The late afternoon I drove to Windsong Cottages was the first time I felt that I was really in Africa, although I’ve lived in the Western Cape all my life. The vegetation is so different to anything I’ve experienced before. But then, the moment you arrive at Windsong Cottages, you feel completely at home.
It’s comfortable, unpretentious and relaxed — exactly what one expects of great farm accommodation. And, from R180 per person, it’s also affordable.
It’s a great place for kids, between the popular trampoline and the best playground I’ve ever seen – the huge Children’s Adventure Village. Children are really welcomed and catered for here.
We met locals from Gauteng as well as Irish guests staying there. Everyone just loved the place and it is a regular destination for the Gauteng group — a family getaway with great fishing. There is a 15m heated pool, hiking trails, quad biking, horse riding, canoing and Phillip Calcott’s famous star tours. Using an advanced modern telescope and astronomical video camera his guided tour will introduce you to the amazing Waterberg night sky – from the comfort of your chair, and in colour. You can either chill out or go and explore, and they do offer game-viewing too.

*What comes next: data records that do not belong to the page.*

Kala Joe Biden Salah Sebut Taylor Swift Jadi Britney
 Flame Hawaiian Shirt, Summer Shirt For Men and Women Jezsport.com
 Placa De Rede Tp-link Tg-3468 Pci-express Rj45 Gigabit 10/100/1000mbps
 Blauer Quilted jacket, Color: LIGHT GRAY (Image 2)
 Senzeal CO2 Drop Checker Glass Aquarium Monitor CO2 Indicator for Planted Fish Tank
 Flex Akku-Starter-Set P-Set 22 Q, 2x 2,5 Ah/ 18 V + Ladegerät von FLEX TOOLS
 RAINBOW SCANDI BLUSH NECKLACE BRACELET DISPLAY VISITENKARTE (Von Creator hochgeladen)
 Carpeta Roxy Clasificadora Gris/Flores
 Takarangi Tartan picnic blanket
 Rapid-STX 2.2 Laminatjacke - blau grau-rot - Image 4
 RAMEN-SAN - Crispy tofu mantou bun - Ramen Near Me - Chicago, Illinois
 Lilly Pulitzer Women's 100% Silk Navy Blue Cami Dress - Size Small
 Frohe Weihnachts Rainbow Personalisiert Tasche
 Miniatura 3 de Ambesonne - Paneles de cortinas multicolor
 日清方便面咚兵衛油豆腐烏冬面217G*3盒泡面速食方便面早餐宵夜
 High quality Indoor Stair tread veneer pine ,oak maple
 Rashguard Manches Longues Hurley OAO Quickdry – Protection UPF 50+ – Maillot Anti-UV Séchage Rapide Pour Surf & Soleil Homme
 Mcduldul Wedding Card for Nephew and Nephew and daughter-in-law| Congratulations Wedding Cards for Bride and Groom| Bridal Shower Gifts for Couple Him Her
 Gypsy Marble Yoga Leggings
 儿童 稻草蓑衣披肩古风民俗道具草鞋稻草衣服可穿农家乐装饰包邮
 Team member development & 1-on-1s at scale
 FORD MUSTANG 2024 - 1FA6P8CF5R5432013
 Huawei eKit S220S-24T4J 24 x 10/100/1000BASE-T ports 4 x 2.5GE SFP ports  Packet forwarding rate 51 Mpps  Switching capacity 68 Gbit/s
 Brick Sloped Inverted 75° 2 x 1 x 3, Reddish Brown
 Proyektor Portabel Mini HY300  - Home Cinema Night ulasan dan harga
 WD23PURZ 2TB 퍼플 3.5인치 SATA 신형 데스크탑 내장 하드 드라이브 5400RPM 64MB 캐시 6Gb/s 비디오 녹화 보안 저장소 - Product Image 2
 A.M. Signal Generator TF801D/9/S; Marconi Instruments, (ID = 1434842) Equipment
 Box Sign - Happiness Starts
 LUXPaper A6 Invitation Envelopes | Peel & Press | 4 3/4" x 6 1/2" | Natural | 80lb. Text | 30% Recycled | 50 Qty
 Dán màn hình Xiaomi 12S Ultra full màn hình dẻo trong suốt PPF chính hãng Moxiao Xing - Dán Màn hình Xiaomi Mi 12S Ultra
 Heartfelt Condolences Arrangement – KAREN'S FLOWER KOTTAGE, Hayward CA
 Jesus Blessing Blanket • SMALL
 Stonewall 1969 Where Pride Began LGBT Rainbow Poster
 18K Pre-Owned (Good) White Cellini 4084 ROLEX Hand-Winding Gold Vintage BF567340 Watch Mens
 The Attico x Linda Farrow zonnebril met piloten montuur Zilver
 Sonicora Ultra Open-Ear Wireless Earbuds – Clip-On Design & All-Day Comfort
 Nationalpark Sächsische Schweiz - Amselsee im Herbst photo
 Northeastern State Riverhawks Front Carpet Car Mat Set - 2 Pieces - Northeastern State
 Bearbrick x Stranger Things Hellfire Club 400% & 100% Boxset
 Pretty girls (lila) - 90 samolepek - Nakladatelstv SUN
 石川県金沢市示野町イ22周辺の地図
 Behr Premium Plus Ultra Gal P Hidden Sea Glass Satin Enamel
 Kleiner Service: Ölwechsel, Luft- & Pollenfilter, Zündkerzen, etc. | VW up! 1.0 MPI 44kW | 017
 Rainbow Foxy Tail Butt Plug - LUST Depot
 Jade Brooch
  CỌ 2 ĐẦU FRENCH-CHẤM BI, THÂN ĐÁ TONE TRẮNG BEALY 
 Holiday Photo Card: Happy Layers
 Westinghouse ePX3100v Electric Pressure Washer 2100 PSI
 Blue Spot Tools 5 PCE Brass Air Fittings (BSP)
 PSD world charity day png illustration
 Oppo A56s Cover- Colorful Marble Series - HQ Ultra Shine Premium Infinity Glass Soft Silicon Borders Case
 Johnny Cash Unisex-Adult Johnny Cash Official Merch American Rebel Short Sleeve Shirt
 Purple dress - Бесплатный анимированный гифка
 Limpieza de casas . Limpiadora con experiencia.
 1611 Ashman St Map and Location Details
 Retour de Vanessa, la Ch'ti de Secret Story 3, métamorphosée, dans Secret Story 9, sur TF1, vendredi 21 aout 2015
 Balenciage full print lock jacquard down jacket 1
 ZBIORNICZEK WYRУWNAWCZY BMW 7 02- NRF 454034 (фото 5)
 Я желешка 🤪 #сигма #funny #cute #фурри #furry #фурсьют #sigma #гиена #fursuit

Right next door, if you can find it since they don’t seem to believe in clear signposting, is one of SA’s gems.
Horizon Horseback Adventures & Safaris is remarkable. Shane and Laura run a really slick operation — great accommodation, great food, the most varied rides imaginable, warm friendliness that brings people back over and over again. and of course the 70 horses for the eight–ten people they prefer to accommodate at any one time.
At £160/day, it’s not cheap by SA standards but that includes all meals and two rides a day. Guest Lisa put that in perspective for foreign visitors — she and her husband had gone riding in the UK for two hours in the Lake District and that cost them £120.
Most of their guests are from the UK, followed by European countries and the USA. And over 30% return!
Guests dine together — breakfasts on the stoep of the main building, lunches at a long table under the towering trees on the lawn alongside the dam, and dinners inside. A spirit of cameraderie develops and new friends are made.
Imagine catching a plane at Heathrow in London at 6pm, arriving in the Bushveld at lunchtime the next day, and before 24 hours have passed you’ve already been for your first ride and encountered giraffe 20 metres away. Two young women arrived while I was there and experienced exactly that. Two weeks prior, they were still thinking of a skiing holiday when they saw how highly-rated Horizon is for an adventure holiday.
But, if I had to choose someone to be my host for a few days of rivetting conversation, it would be Andrew and Rachel Poole at Moonriver Bush Bungalows.
Sometimes one meets someone and immediately knows that this is someone you would really like to get to know better. Andrew and Rachel are two such people. Both have an intangible zest for life and there is little that Andrew has not done.
So it’s not only views and long vistas that allow city brains to breathe, but stimulating people too.